03/04/2026
😱 En el año 500 a. C., el profeta Zacarías registró una visión extraña y muy específica.
Profetizó que el Verdadero Pastor sería rechazado, y que su precio sería de exactamente treinta piezas de plata. Entonces, Dios le dijo a Zacarías: «¡Échalo al alfarero, el magnífico precio que me han dado!» (Zacarías 11:12-13).

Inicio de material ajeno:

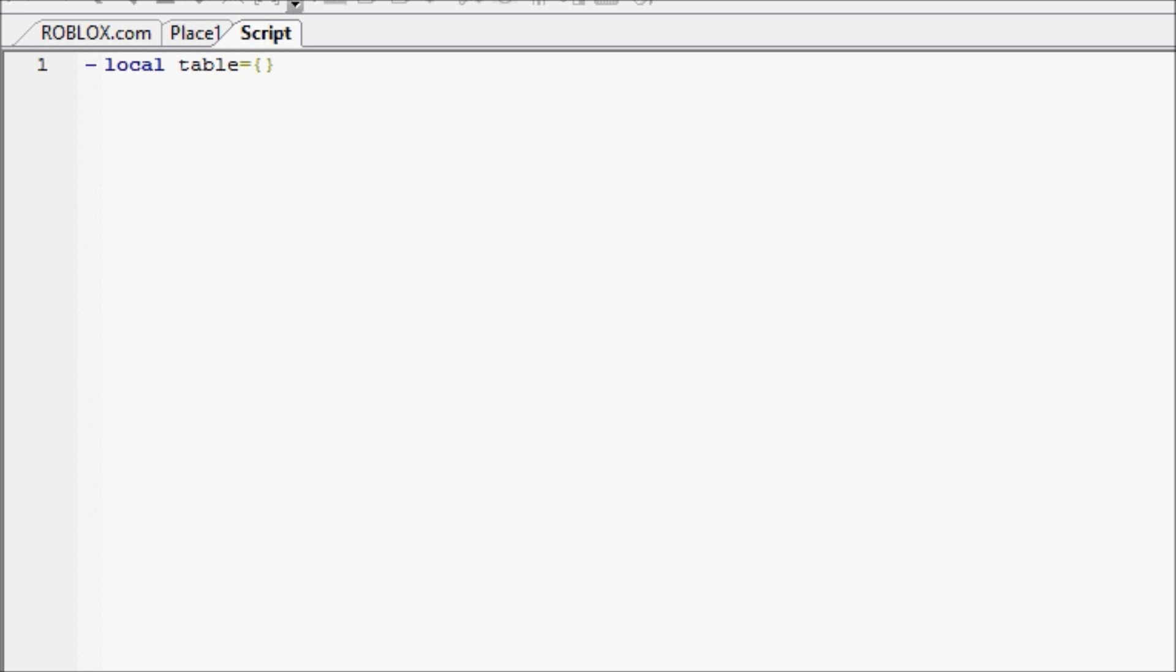So, I guess what I'm trying to say is a table can hold any type of variable, but it can hold a lot. It can hold basically an endless amount of variables, and they can all be different.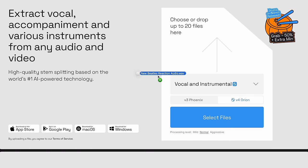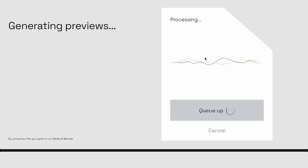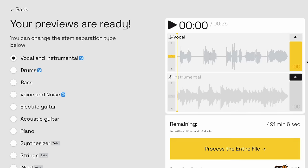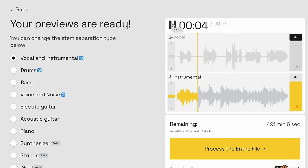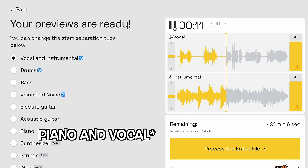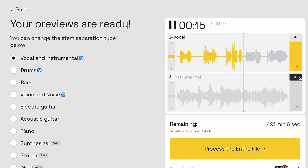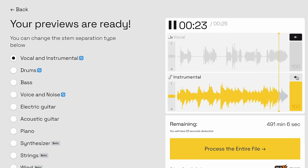I'm dragging the vocal and piano recording into Lalal.ai. What this does is it simply analyzes the two elements and uses machine learning to extract the separate parts. You can hear the isolated vocal — 'I know it's true, it's all because of you' — and now listen to the solo piano. It's amazing how cleanly they're separated.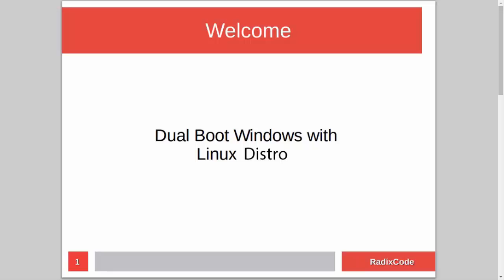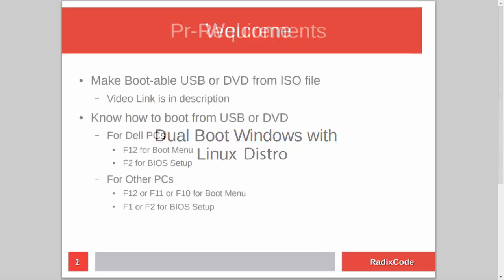Hi guys, it's Azim again from rediscord.com. In this video tutorial, I will show you how to dual boot Windows with a Linux distribution.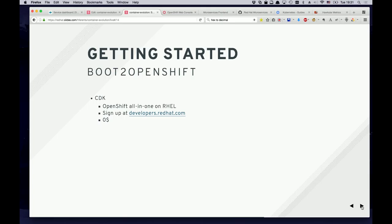A bit on getting started with OpenShift. Docker Machine uses something called boot2docker. At Red Hat we have something I call boot-to-OpenShift — it's the CDK, the Container Development Kit, which is free — just sign up at developers.redhat.com. It's a virtual machine you can start that has a Docker daemon, so you can use it as a replacement for Docker Machine. You also get a running OpenShift instance locally to explore the whole OpenShift universe. Once you think you're ready for staging or production, you'd install OpenShift on other hardware. It's early stages, so it can be flaky and resource-intensive — don't expect great performance. It's more of a local exploration tool.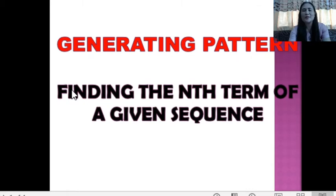Hello there! Welcome back to our session. We are just through defining a sequence wherein it follows a certain pattern. How are we going to generate a pattern? We are going to have some patterns now. So let us have here: generating pattern.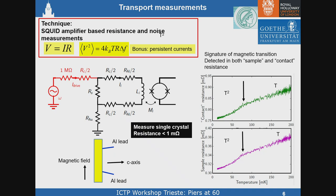You can do Ohm's law or you can measure the noise across a resistor. This technique allows us to measure a single crystal sample with a resistance of typically a milliohm. In noise mode, you get Nyquist-Johnson noise that drives current through the input inductance of a SQUID and you measure that current. From the noise spectrum and its frequency dependence, you can determine both the temperature of your sample and the resistance of the sample. Alternatively, you could do an AC drive and decompose the real and imaginary parts of the current.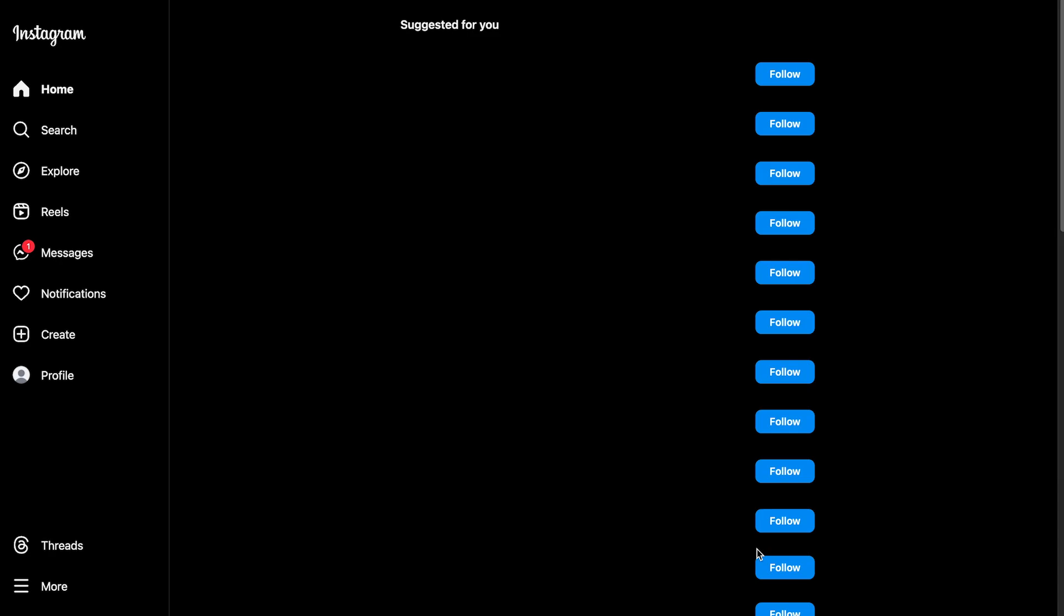In today's video, I'm going to be showing you exactly how to remove search suggestions when typing on Instagram.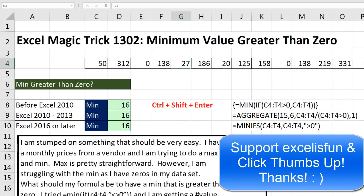There are three formulas to calculate the minimum value greater than 0. All right, we'll see you next trick.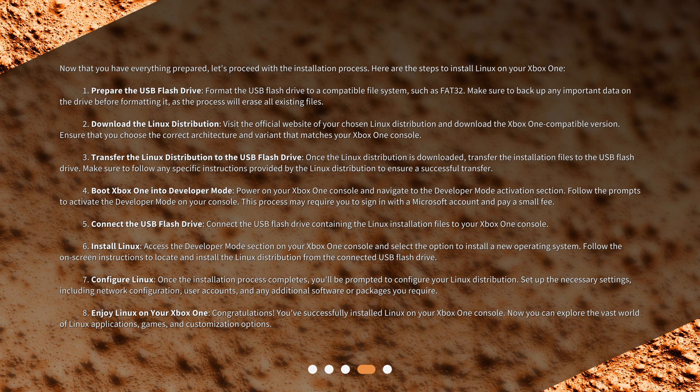Download the Linux Distribution: Visit the official website of your chosen Linux distribution and download the Xbox One compatible version. Ensure that you choose the correct architecture and variant that matches your Xbox One console. Transfer the Linux Distribution to the USB Flash Drive: Once the Linux distribution is downloaded, transfer the installation files to the USB Flash Drive. Make sure to follow any specific instructions provided by the Linux distribution to ensure a successful transfer.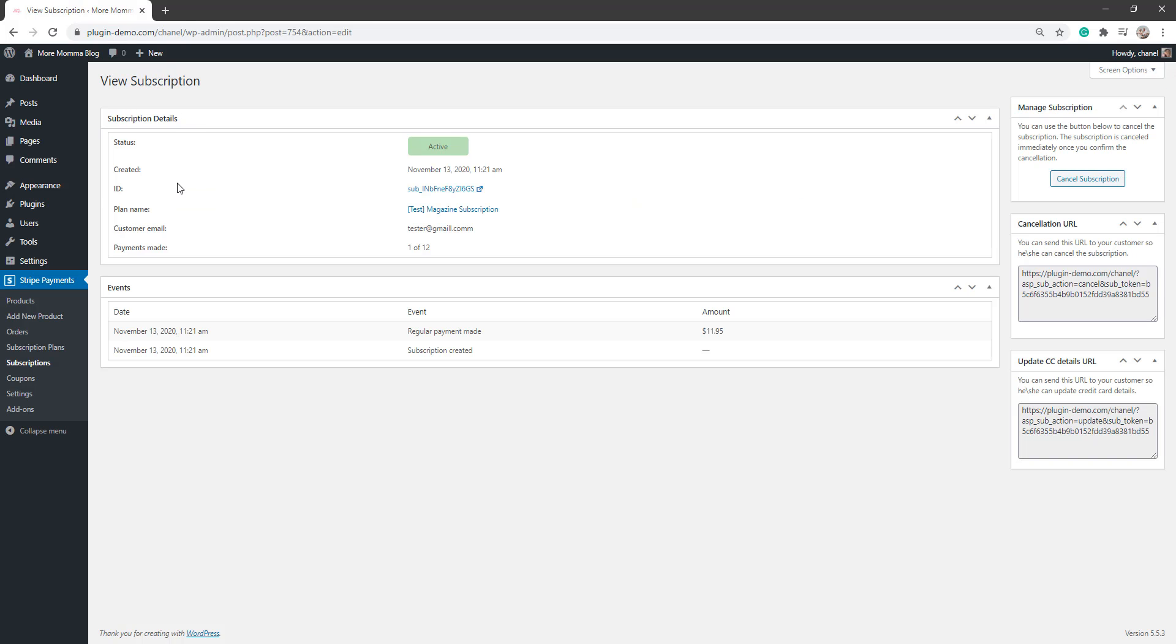It's from here that I can see all the details. I can see the number of payments that they have currently made. And it's here that I can also cancel their subscription. I can send them a cancellation URL. And if they need to update their credit card, we can simply update that by sending this to our customers.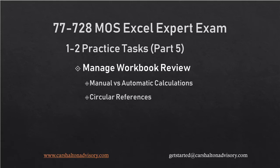Hello, Excel friends. This is Craig from Kershalton Advisory, and we are on the fifth and final part of reviewing the practice tasks from Section 1.2 of the Microsoft Office Specialist Excel Expert Exam Study Guide and Textbook. Let's get started.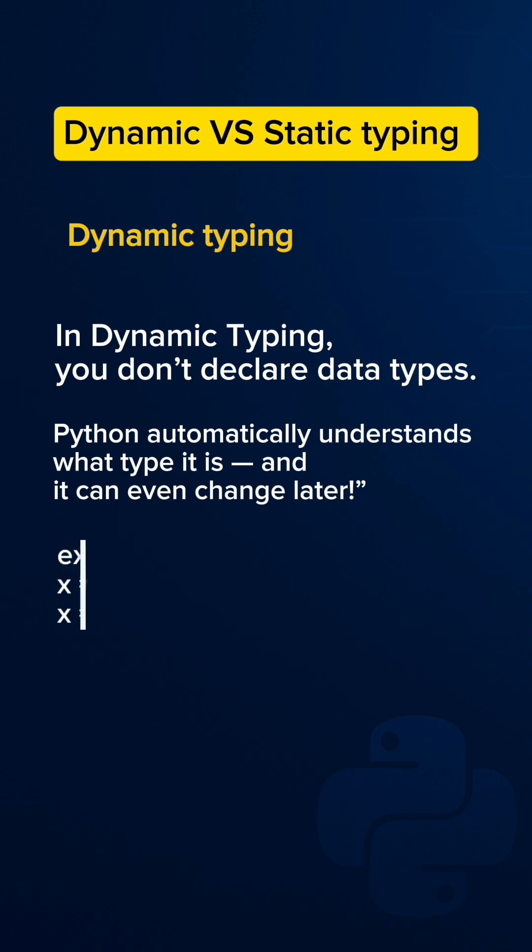Example: x equals 10, then x equals hello. If you print this, you can output hello. It means the type changes successfully. This is dynamic typing in Python.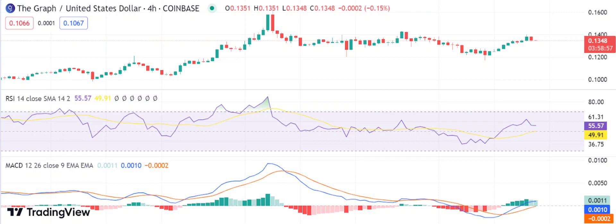The graph price analysis shows that prices are trading in an ascending channel, suggesting that bulls remain in control. The GRT/USD pair created a higher high today and faces resistance at the 0.134 dollar level. If bulls manage to break this resistance, we could see prices move higher. On the downside, buyers will need to defend the current support at 0.1155 dollars to maintain a bullish outlook. The bulls have managed to push the price above the 0.1359 dollar level, which has been a strong resistance level for the past few days.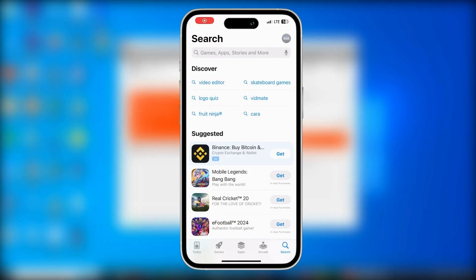Hi guys! In this video we will learn about how to remotely control iPhone from Windows or Mac with Iperius Remote. In this process we will learn two things: the first one is how we can screencast our mobile phone on our computer with Iperius, and the second thing is how we can screencast our computer screen on our mobile phone.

Transcurre medio milenio. El Imperio Romano se alza. Judas Iscariote negocia el as*****to de Jesús de Nazareth.
Cuando Judas se da cuenta de que ha condenado su alma, se derrumba. Corre de vuelta al Templo, arroja la plata al suelo de piedra y se ahorca. Los sacerdotes se niegan a devolver el dinero manchado de sangre al tesoro. ¿Qué hacen entonces con él?
6 Los sumos sacerdotes, juntando el dinero, dijeron: «No está permitido ponerlo en el tesoro, porque es precio de sangre».
7 Después de deliberar, compraron con él un campo, llamado «del alfarero», para sepultar a los extranjeros.
8 Por esta razón se lo llama hasta el día de hoy «Campo de sangre». (Mt. 27, 6-8).